Judge Jan E. DuBois, of the U.S. District Court for the Eastern District of Pennsylvania, ruled Nov. 8 in favor of Connie Titchenell’s motion for conditional certification of collective class in her case against Apria Healthcare Inc.
Titchenell is suing her former employer for allegedly failing to pay her for the extra 10 to 15 hours per week she often worked at the company as a customer service specialist.
The plaintiff accuses the defendant of violating the federal Fair Labor Standards Act.
In her motion seeking class status, Titchenell argued that additional employees at the company, which has 12,300 workers in 500 offices nationwide, 2,087 of whom are customer service specialists like her, experienced the same fate as that of the plaintiff.
Titchenell, who began working for the company in 1996, and, since 2007, had been employed at the Sharon Hill, Pa. location, was terminated in September 2010.
Beginning in March 2009, Titchenell alleges in her complaint, she routinely worked extra hours, but never received pay for her overtime.
In opposing the class action status, Apria had argued that Titchenell’s claim “is based on individual facts and circumstances that are not encountered or experienced by Apria Customer Service Specialists nationwide,” and that class certification is “unwarranted and infeasible,” according to the court opinion.
The judge, however, felt otherwise.
“Plaintiff has presented modest evidence that other potential plaintiffs are similarly situated,” DuBois wrote in his ruling.
However, the judge limited in scope the potential plaintiffs that could join in on the class action.
“Accordingly, the Court grants plaintiff’s motion but limits the proposed class to ‘all non-exempt Customer Service Specialists employed by Apria who have worked and/or are still working in any branch office of Apria anywhere in the United States during the liability period and who have not been paid overtime by Apria for work in excess of forty hours per week,’” the judge’s ruling states.
The ruling ordered counsel for both parties to submit to the court within five days an agreed-upon form of notice to be sent to potential class members.
“The notice shall reflect the proper scope of the potential class and shall provide for insertion by the Court of the beginning date of the class period, which will be three years prior to the date the Court approves the notice,” the ruling states.

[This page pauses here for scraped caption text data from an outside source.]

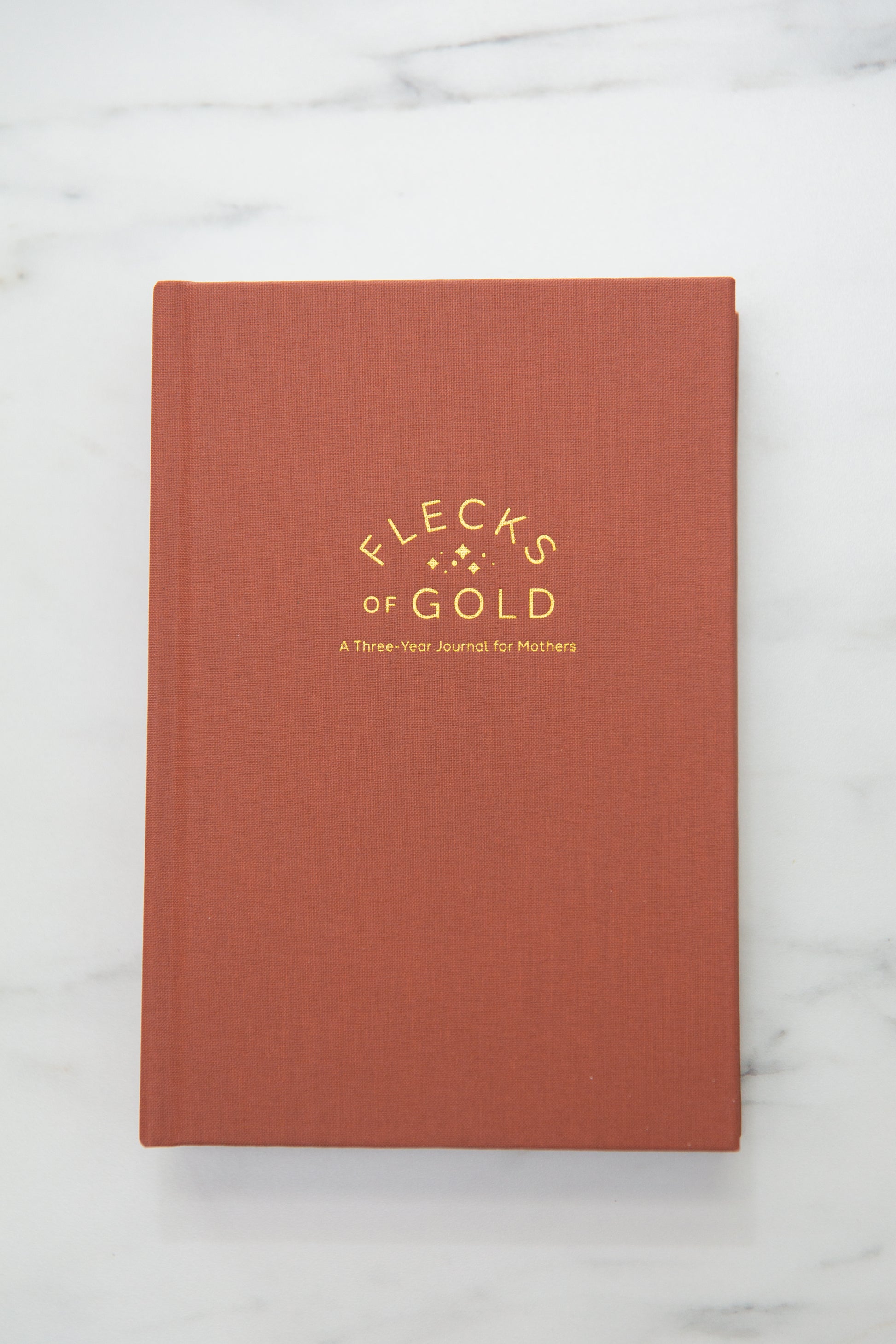 Terracotta Linen Flecks of Gold Journal with gold embossing. A Three-Year Journal For Mothers. Helping you find the joy in Motherhood. A journal for moms who want to see the good in every day. Helping overwhelmed, busy moms. Created by Rachel Nielson of 3 in 30 Podcast.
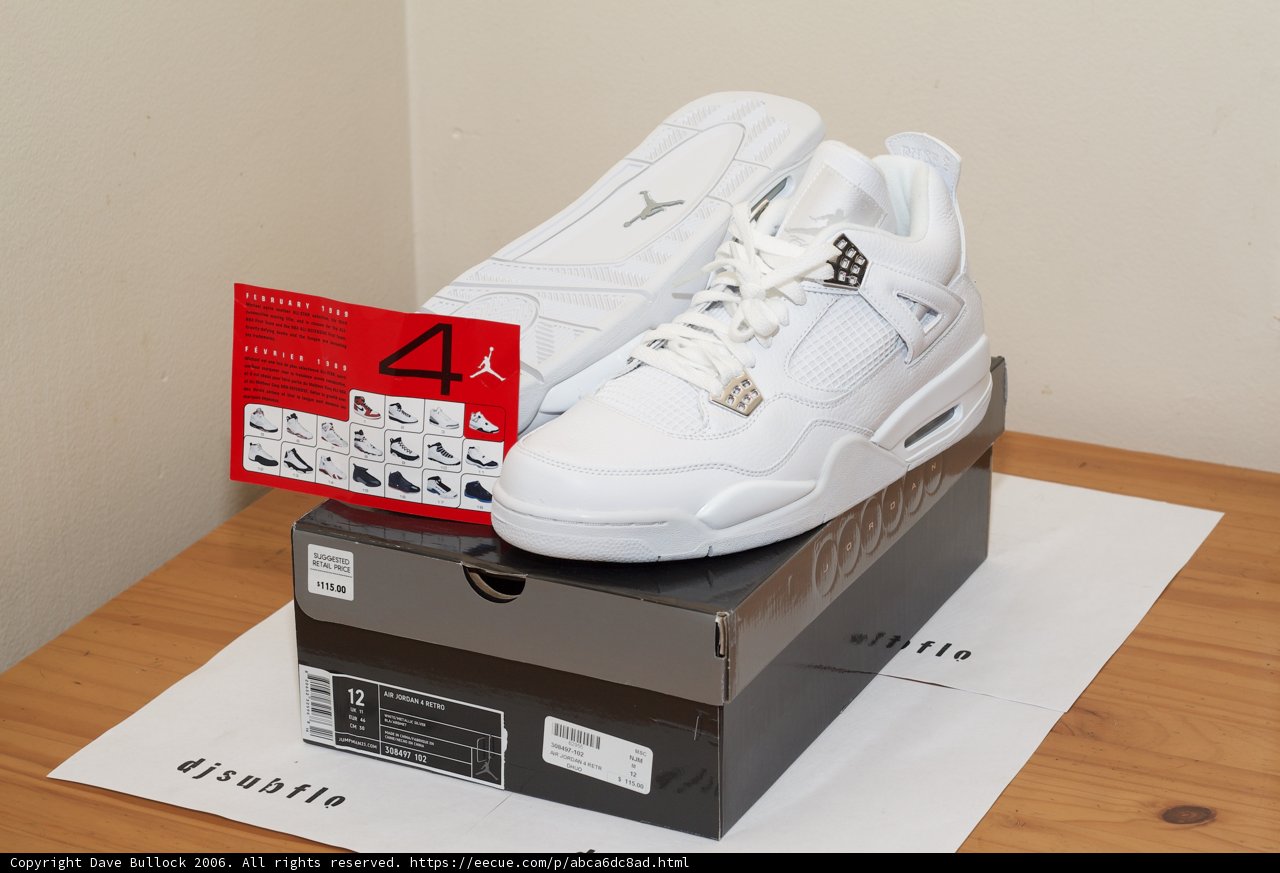 White Sneakers Perched on Cardboard Box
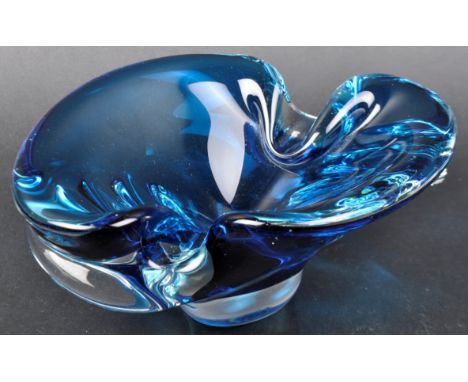 A retro vintage 20th Century Italian Murano Sommerso studio art glass bowl of organic freeform design in dark blue. Measures 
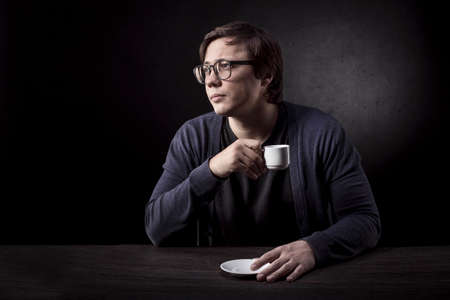 man in glasses drinks coffee and thoughtfully looks away on the background a dark concrete wall
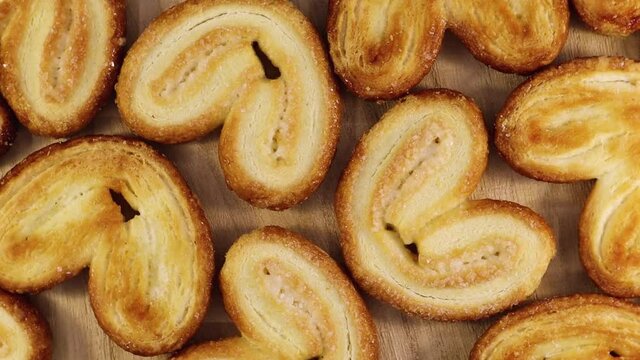Rotating close up of fresh palm puff pastry in the shape of a heart. French biscuits with elephant ears. View from above. Close-up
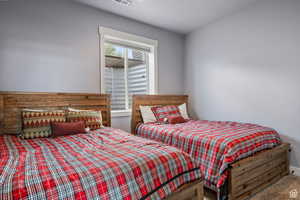Carpeted bedroom featuring a textured ceiling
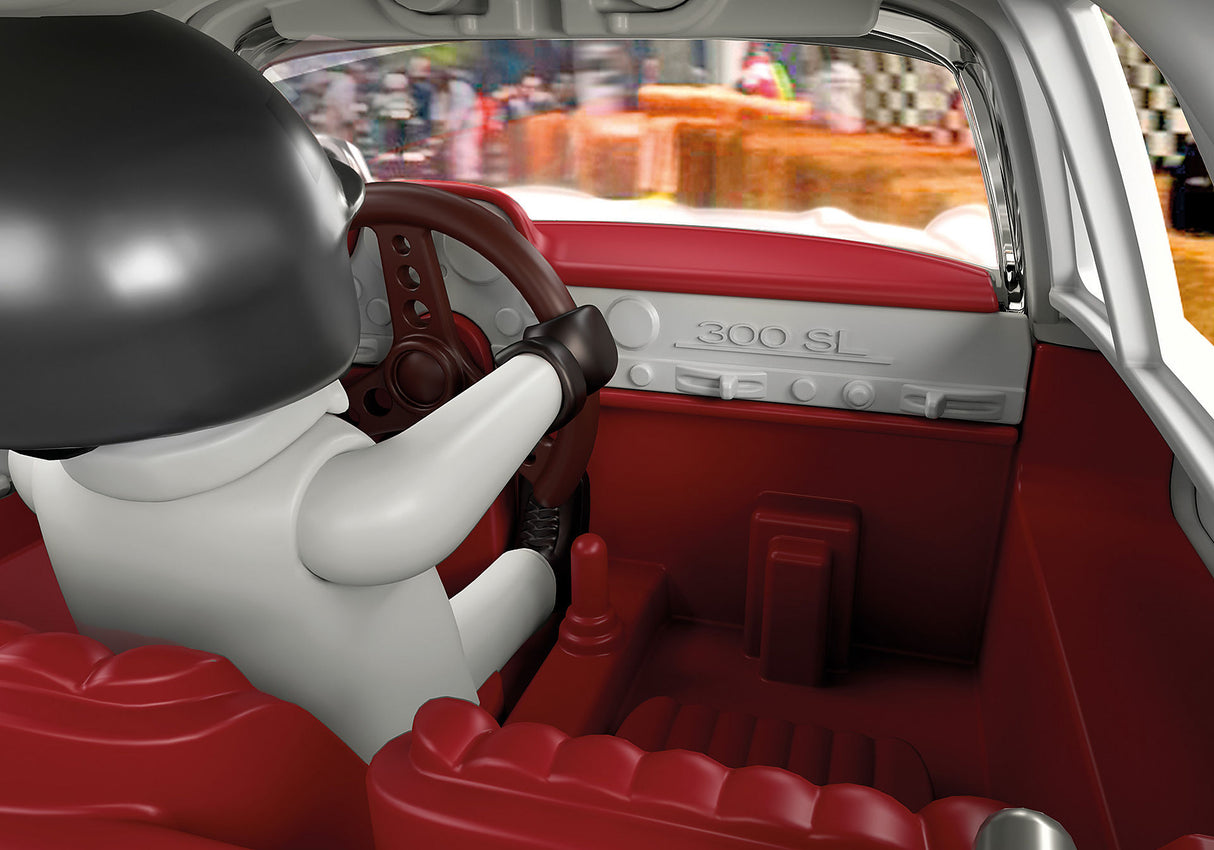 Playmobil Mercedes-Benz 300 SL model with gullwing doors, chrome details, figures, and racetrack accessories for imaginative play.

The notice will give potential class members 45 days to opt in to the collective action.
Titchenell’s lawsuit against California-based Apria Healthcare Group, Inc., was filed on Jan. 26 of this year by Trevose, Pa. attorney Frank Schwartz.
Additional defendants named in the litigation are the company’s chief executive officer, Norman C. Payson, and Apria’s chief operating officer, identified as Daniel E. Greenleaf.